MATERIAL PROVIDED:
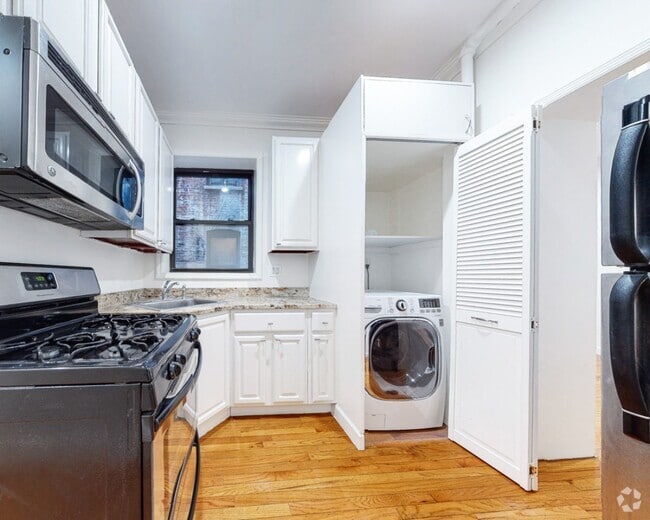 Building Photo - 542 W 147th St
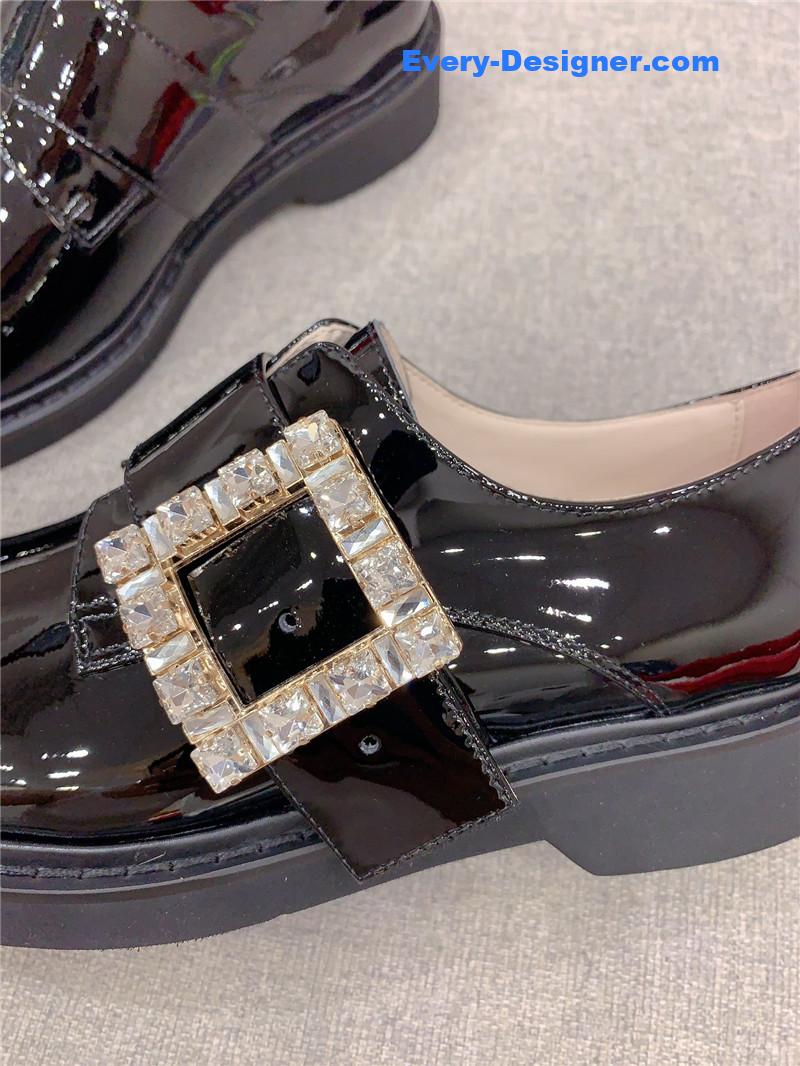 roger vivier new patent leather D1am0nd buckle loafers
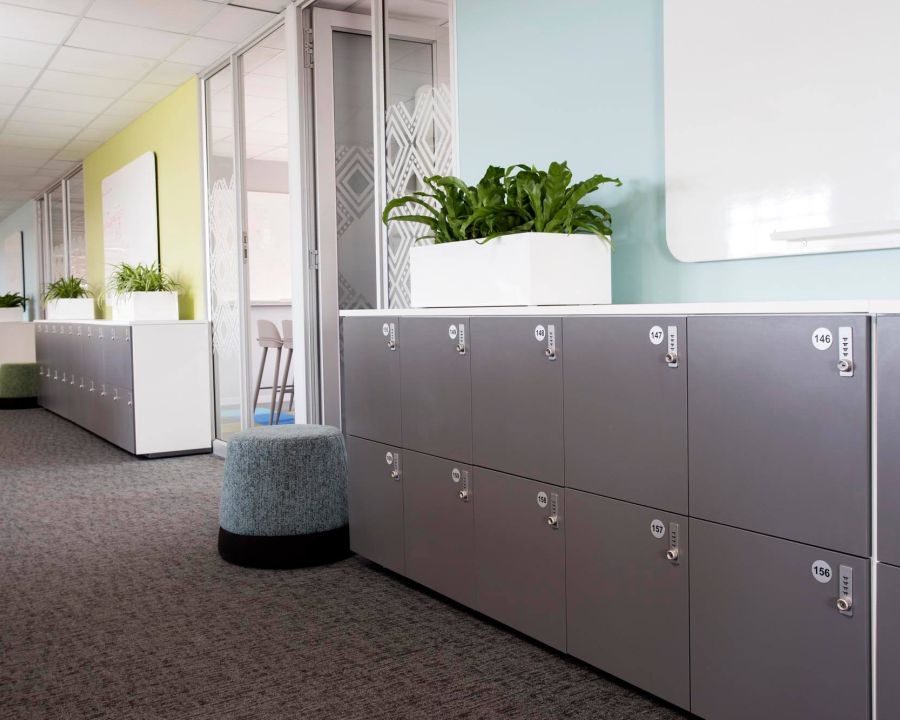 Pyramid-Office-Dimension-Data-06-Rikki-Hibbert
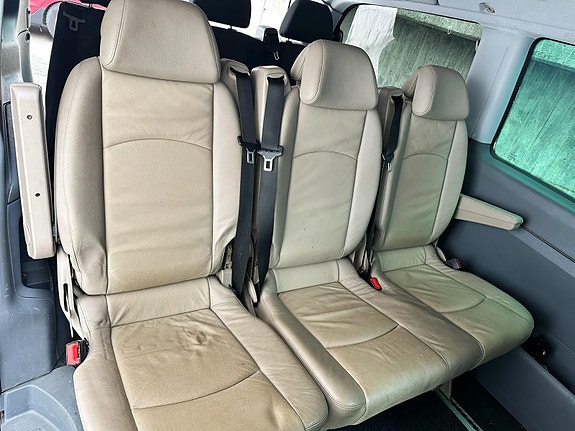Mercedes-Benz Vito 111 27 of 30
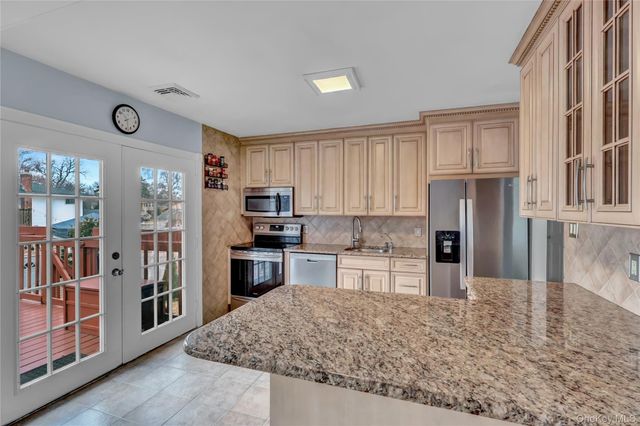 320 Idaho Street, Lindenhurst, NY 11757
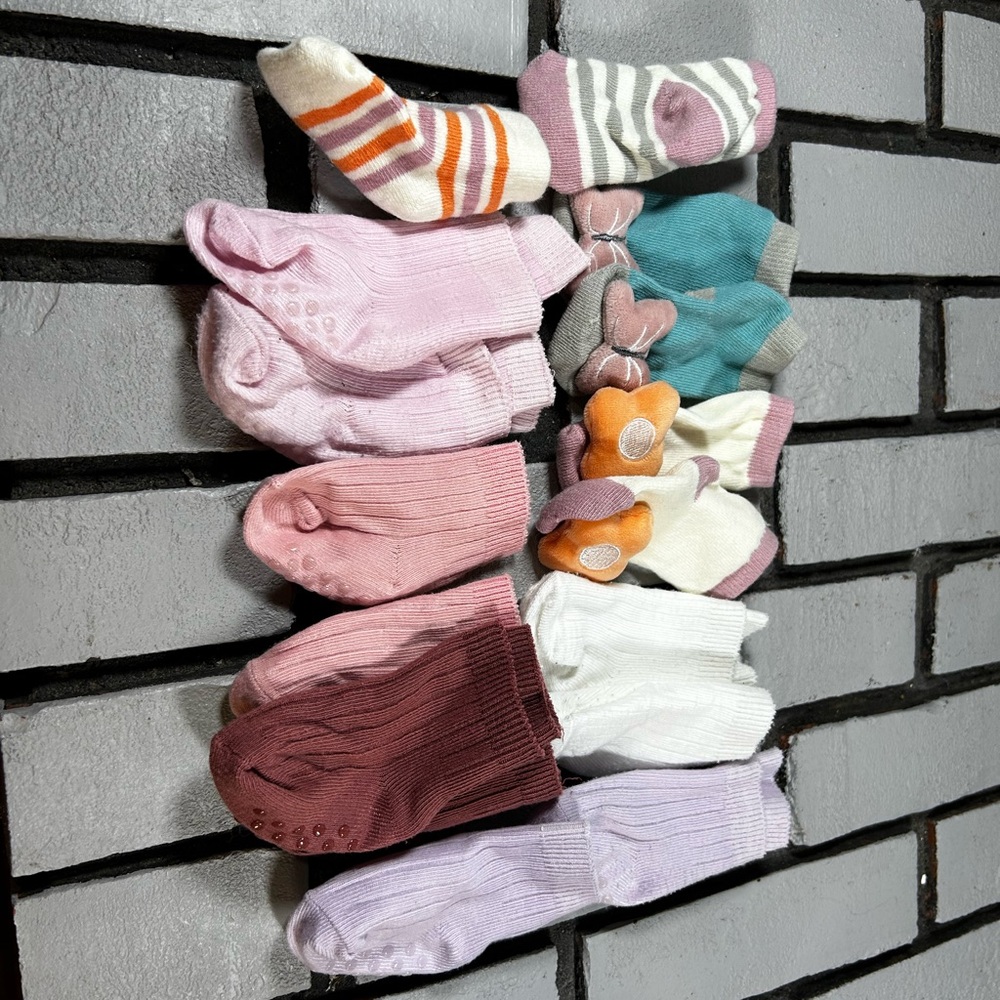 14 Pairs of Infant Girls Socks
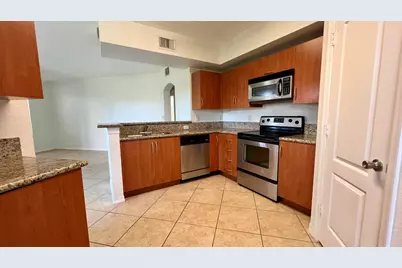 136 SW Peacock Boulevard #19-104, Port Saint Lucie, FL 34986 - Photo 2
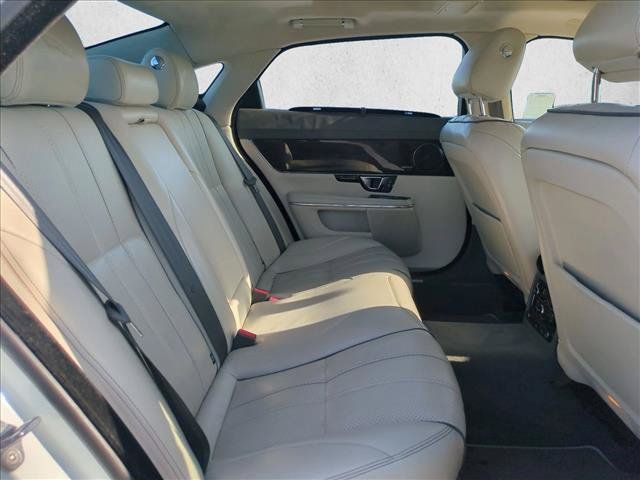 Used 2014 Jaguar XJ L Portfolio RWD image 22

TASK OBJECTIVE: Repeat the records above exactly. Pictures do not belong in the copy.

RESPONSE:
 Building Photo - 542 W 147th St
 roger vivier new patent leather D1am0nd buckle loafers
 Pyramid-Office-Dimension-Data-06-Rikki-Hibbert
Mercedes-Benz Vito 111 27 of 30
 320 Idaho Street, Lindenhurst, NY 11757
 14 Pairs of Infant Girls Socks
 136 SW Peacock Boulevard #19-104, Port Saint Lucie, FL 34986 - Photo 2
 Used 2014 Jaguar XJ L Portfolio RWD image 22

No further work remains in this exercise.